Wednesday, June 25, 2014

average

I did not post about the project where I photoshopped, so I will comment on it now. I have been thinking about beauty and image manipulation and our insistence on improving the records of ourselves. These thoughts all led me to (like a lot of people) question why do we desire to look like someone other than ourself. Is it our ideal self, the one we wish we are, why is it we are not happy to be what we are? Our perceptions of our self are often a result of what we are exposed to and told is the norm, even when these are often extreme examples. I decided to try and explore it by taking images of women that have been used to establish extreme perceptions of what is beautiful, and attempted to make them closer to what the reality is for a lot of their target audience.
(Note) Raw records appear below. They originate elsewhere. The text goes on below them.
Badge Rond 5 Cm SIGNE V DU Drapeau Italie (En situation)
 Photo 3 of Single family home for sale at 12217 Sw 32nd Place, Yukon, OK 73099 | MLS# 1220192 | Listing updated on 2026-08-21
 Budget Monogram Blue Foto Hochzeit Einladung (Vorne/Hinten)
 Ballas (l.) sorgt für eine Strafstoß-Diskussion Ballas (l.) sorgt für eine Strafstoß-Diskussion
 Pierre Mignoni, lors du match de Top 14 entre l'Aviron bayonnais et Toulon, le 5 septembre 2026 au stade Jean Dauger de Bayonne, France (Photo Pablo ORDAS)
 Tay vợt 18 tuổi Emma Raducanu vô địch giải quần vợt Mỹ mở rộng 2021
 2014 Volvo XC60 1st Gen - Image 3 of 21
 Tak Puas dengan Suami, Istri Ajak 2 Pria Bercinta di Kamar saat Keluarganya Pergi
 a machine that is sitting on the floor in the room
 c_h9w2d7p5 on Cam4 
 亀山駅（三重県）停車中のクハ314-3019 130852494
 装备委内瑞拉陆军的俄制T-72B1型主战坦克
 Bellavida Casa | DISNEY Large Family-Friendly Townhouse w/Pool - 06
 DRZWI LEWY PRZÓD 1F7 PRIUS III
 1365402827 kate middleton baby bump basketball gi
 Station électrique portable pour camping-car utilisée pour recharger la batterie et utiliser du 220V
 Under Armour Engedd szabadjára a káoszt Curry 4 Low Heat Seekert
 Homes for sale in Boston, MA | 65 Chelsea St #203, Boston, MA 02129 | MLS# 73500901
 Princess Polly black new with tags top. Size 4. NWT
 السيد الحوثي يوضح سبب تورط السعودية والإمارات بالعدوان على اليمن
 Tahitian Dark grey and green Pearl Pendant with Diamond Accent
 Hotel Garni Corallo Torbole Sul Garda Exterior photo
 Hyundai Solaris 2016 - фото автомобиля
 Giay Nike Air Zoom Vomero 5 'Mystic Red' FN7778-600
Its interesting that looking healthy is often not always what is attractive to people.

masters

I just started posting a new project where I took images of famous art work (all paintings) and I applied filters to them using an app similar to Instagram called Pixlr-o-matic. (its the same program I used on the pioneers of photography) It gave me more noticeable (better) results. I am exploring the idea that anything we decide to record, we for some reason feel the need to add to it, whether its to make it more personal or to make it more pleasing I am not sure.

better

Image apps are an interesting thing. We capture an image of something and then we modify it to make it more aesthetically pleasing. We use predetermined filters that were designed to make our images appear to have been taken from an other era. They are designed to inspire an emotional response to a halcyonic time, where everything was better, where everything made sense, where we were happy. We've been using visual representation in this way since humanity first applied medium to canvas. Artists choose their subjects carefully, they plan the location, they plan the outfits of the subjects, they choose how they will be represented. When some one poses for a painting or a photograph they often smile or pose so that they will be recorded the way they think paints them in the best way. I think back to photographs from family events were someone was unhappy and crying all day but then when they posed for a photo they were all smiles. Over time this photograph of happiness will go on to replace the memory of pain and misery of that day. We don't want our personal records to be accurate, we want them to be better than our actual past.

Monday, June 2, 2014

pleasing

Continuing on the idea that even what is regarded as beautiful is not beautiful enough, I took several famous portraits and subjected them to a retouching program. The results were a mixed bag, some of the images were very noticeable, and others were not as successful. One of the things that I noticed in peoples response to the images was that they enjoyed some of the reworked images more than the original. I believe a few people even mistook the altered images as the original. My wife posed the question of why we were more attracted to the newer images. I believe it has a great deal to do with our constantly changing cultural perception of beauty. Throughout a great deal of human history in several cultures, a thicker body was seen as wealthier, healthier, a more suitable mate, and a thinner frame was seen as unsuccessful or malnourished. I can only imagine what other people from other periods in history would think of our current persons of desire.